This is the third part of the "Rebuilding the spellchecker" series, dedicated to the explanation of how the world's most popular spellchecker Hunspell works.
Quick recap:
- In the first part, I've described what Hunspell is; and why I decided to rewrite it in Python. It is an explanatory rewrite dedicated to uncovering the knowledge behind the Hunspell by "translating" it into a high-level language, with a lot of comments.
- In the second part I've covered the basics of the lookup (word correctness check through the dictionary) algorithm, including affix compression.
This part is a carry-over of lookup algorithm explanation, dedicated to word compounding and some less complicated but nonetheless important concerns: word case and word-breaking. To understand this part, reading the previous one is strongly suggested. At very least you should remember that there are stems with flags, specified by .dic
-file, with the meaning of flags defined in .aff
-file.
Word compounding
Many languages, like German, Dutch, or Norvegian, have word compounding: two stems can be joined together, producing the new word.

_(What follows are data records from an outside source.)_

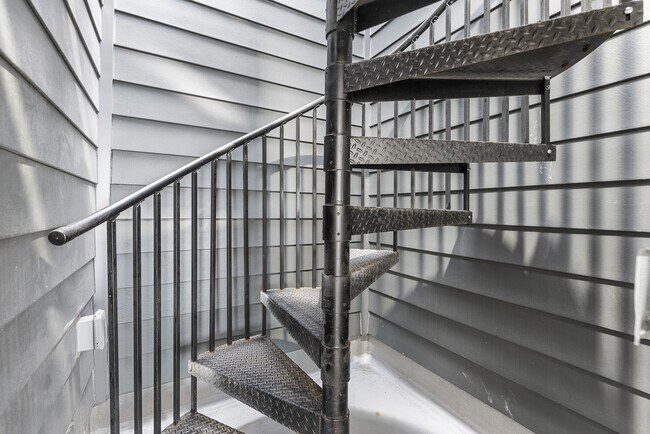 Building Photo - 1148 N 2nd St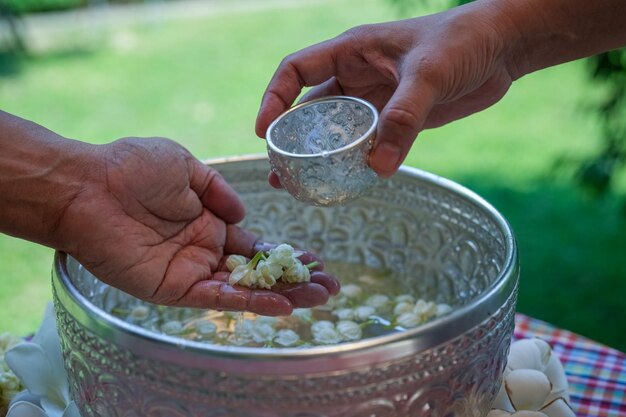 Songkran of Thais nieuwjaarsfestival Thai Traditional Giet water op de handen van gerespecteerde oudsten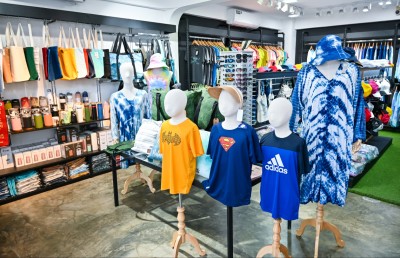 މި ދެބެއިން ބެލި ހުވަފެނުގައި ޖެއްސި ކުލަތައް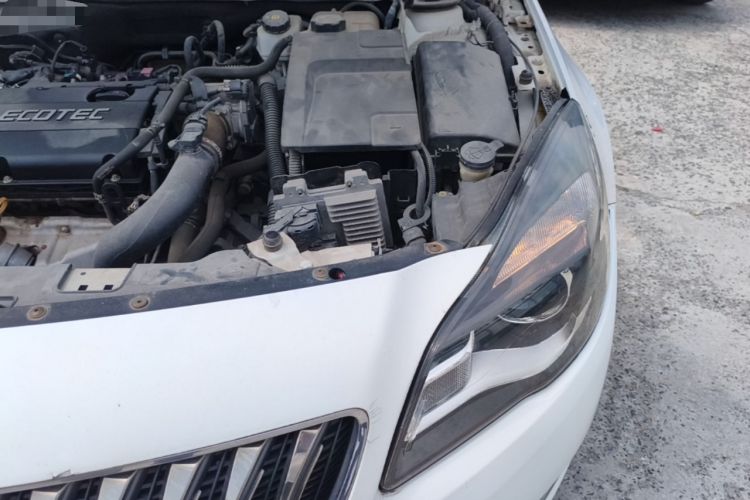 Used Buick Regal 2015 1.6T Leading Technology Model Engine Bay Left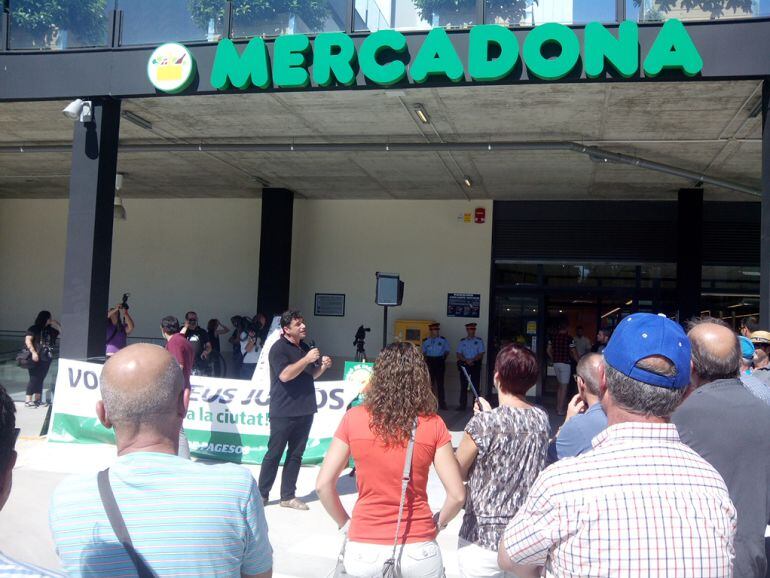 Un moment de la protesta de productors de conill a Lleida.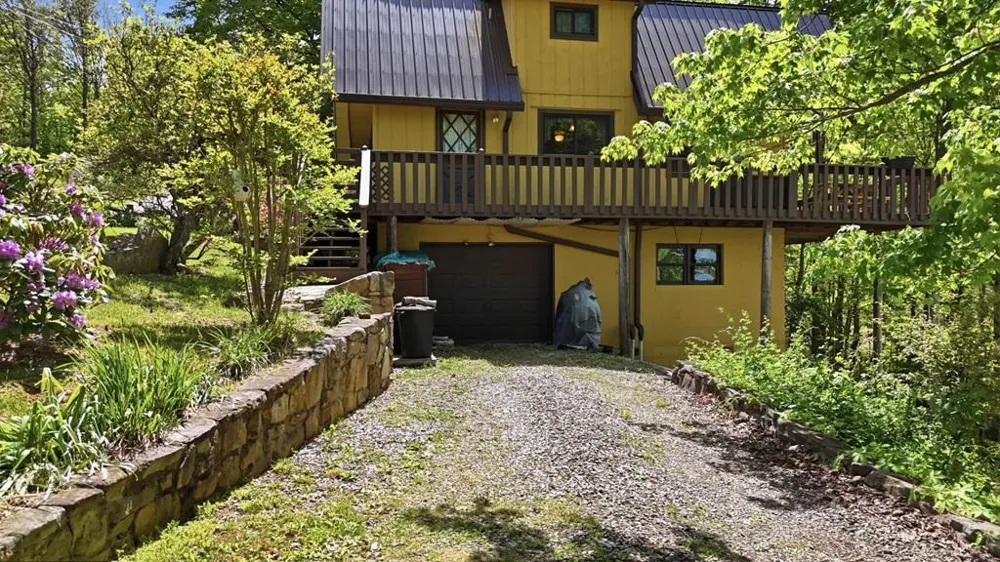 231 Ridge View Drive Andrews, NC 28901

To check the spelling of the word in the language with compounding, the spellchecker needs to break it into all possible parts, and check if there exists a combination of parts such that all parts would be correct words that are allowed inside compound words.

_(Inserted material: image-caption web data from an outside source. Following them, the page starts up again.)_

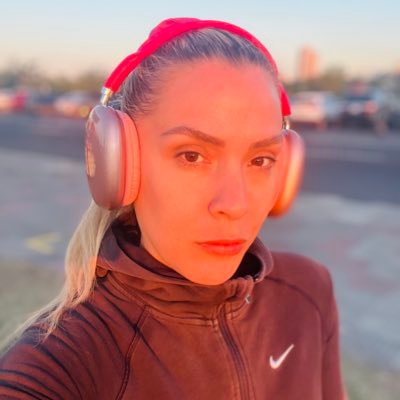 Lic en Comunicación,Productora, coordinadora y organizadora de eventos,PR,Gestion en medios,dancer y corredora amateur,promotora IG:@loleromero @loleromeropr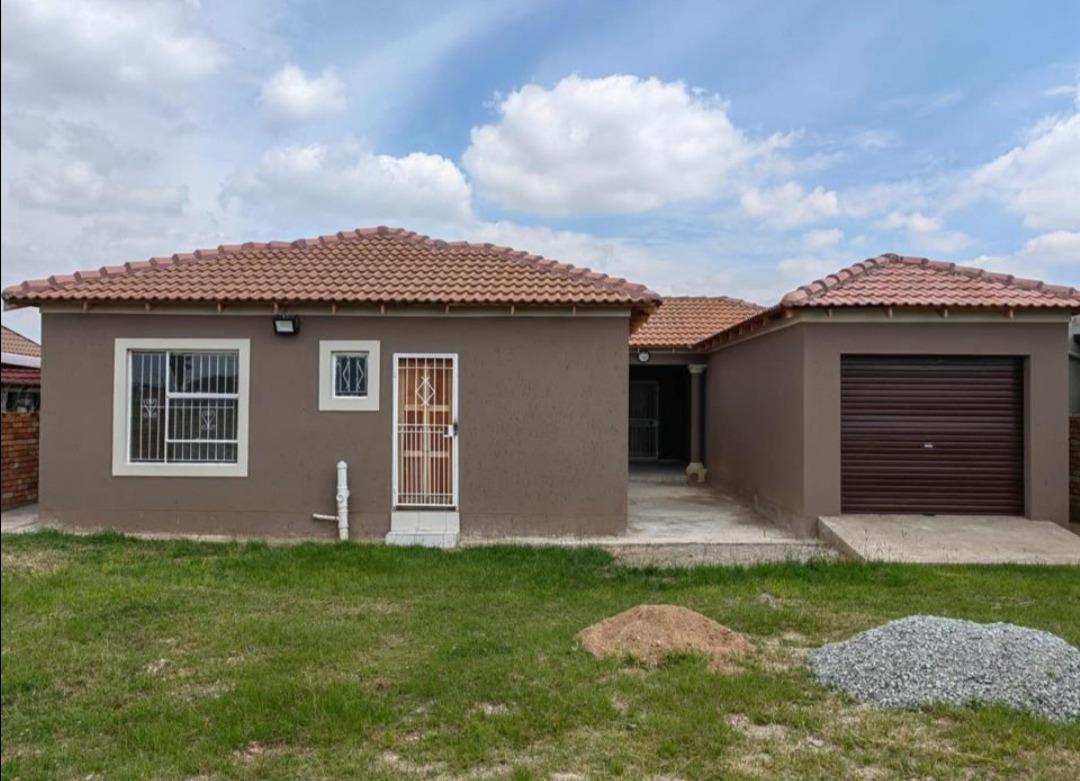 Lenasia South Property Houses for sale in Lenasia South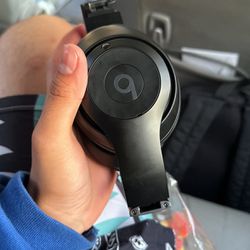 Beats Solo 4 Bluetooth Wireless On-Ear Headphones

Hunspell has two independent mechanisms to specify the compounding logic of a language in aff-file: per-stem flags, and regexp-like rules. Sometimes both mechanisms are used in the same dictionary.
Per-stem flag checks
There is a generic COMPOUNDFLAG
directive to specify a flag, which, when attached to a stem, means "this stem can be anywhere in a compound" (examples from LibreOffice's Norvegian dictionary):
# In nb_NO.aff:
...
# Directive defines: any word with "z" flag is allowed to be in a compound
COMPOUNDFLAG z
# In nb_NO.dic:
...
fritt/CEGKVz
...
røyk/AEGKVWz
Both fritt
("free") and røyk
("smoke") have z
flag, which means they could be in any place in compound word, and thus, "røykfritt" ("smoke-free" = "non-smoking") is a valid one—and "frittrøyk" too1.

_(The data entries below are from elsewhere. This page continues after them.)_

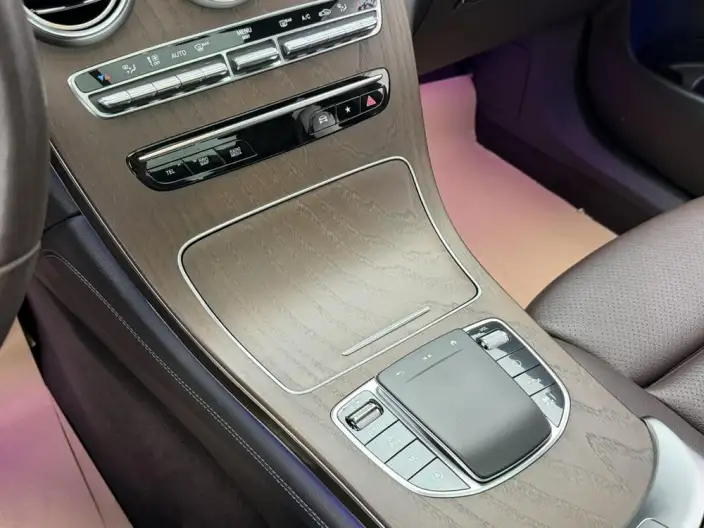 Mercedes-Benz GLC 2022 Model Facelift GLC 260 L 4MATIC Luxury Model – фото 8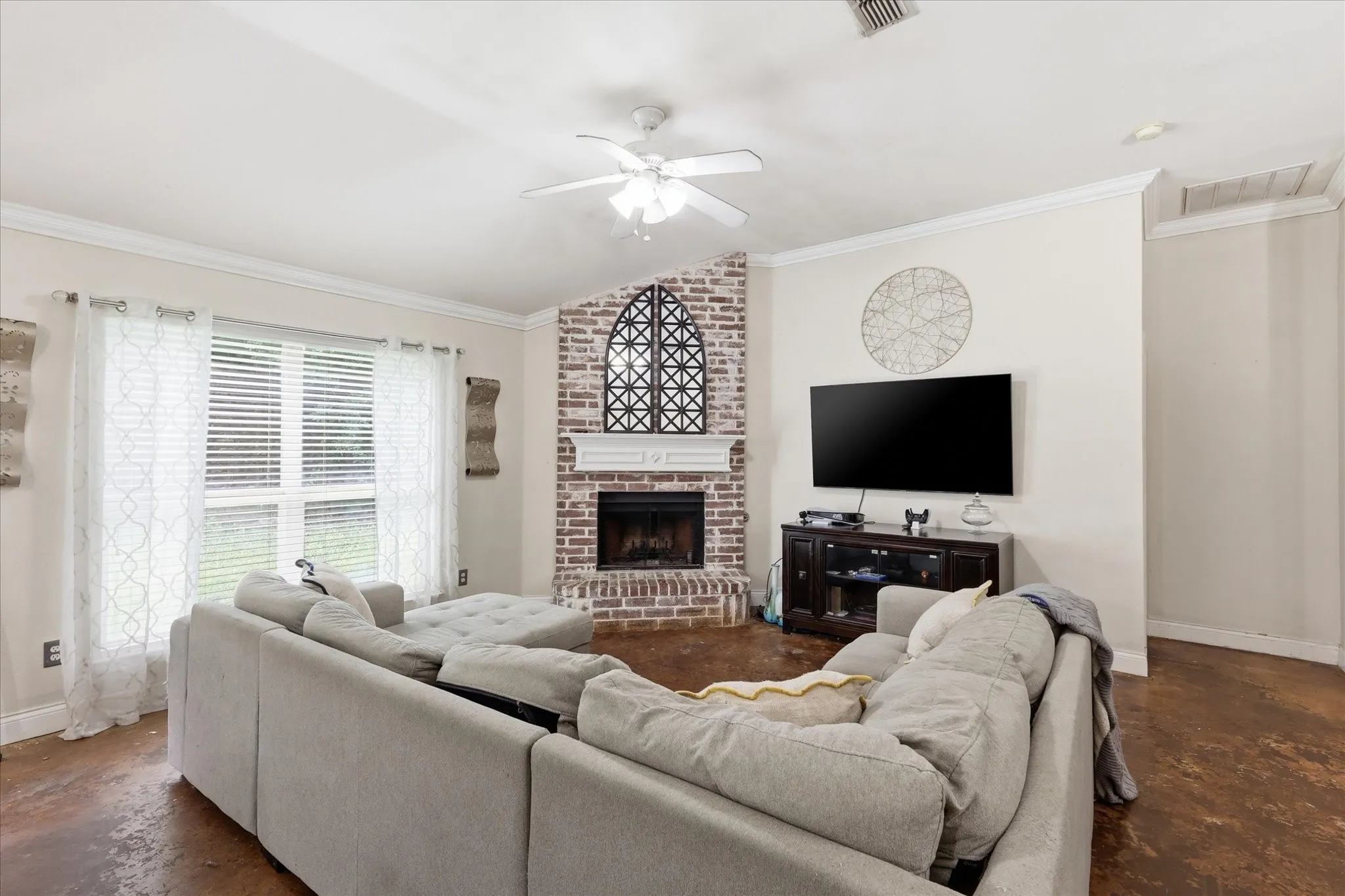 Single Family Residence For Sale in Tarrant County , 5002 Bayberry Drive, Arlington, Texas 76017, 3 Bedroom, 2 Bathroom, 2 Garage spaces, 1,775 Sqft, built in 2002, mls#21303978, Real Estate Agent in Arlington, Homes For Sale in Tarrant county, Homes For Sale in Arlington, Realtor in Arlington Texas, Real Estate Brokerage Independent Realty Texas, Luminita Cordes Realtor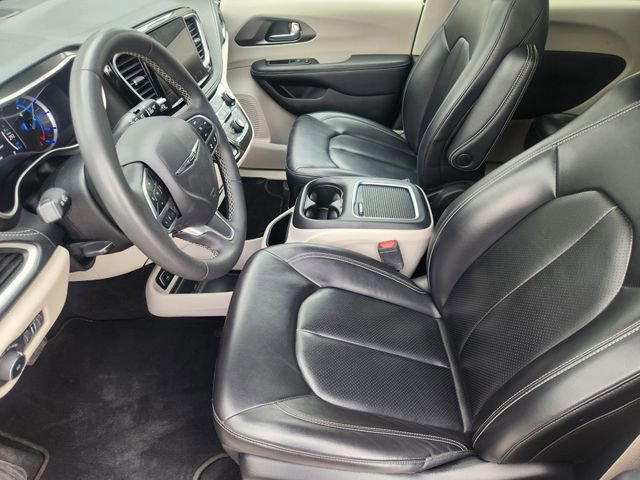 Used 2023 Chrysler Pacifica Touring-L FWD image 9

There are also more precise COMPOUNDBEGIN
/COMPOUNDMIDDLE
/COMPOUNDEND
directives, setting the flags for stems which can be only at a certain place in compounds. Flags designated by those directives could be freely mixed: a compound can consist of a part marked with generic COMPOUNDFLAG
, and another part marked with COMPOUNDEND
.
To check the compound word for correctness, Hunspell needs to chop off the beginning of the word, of every possible length, and check if it is a valid stem which is allowed at the beginning of the compound. If so, the algorithm recursively chops the next parts, till the whole word is split into compound parts (or no suitable parts found).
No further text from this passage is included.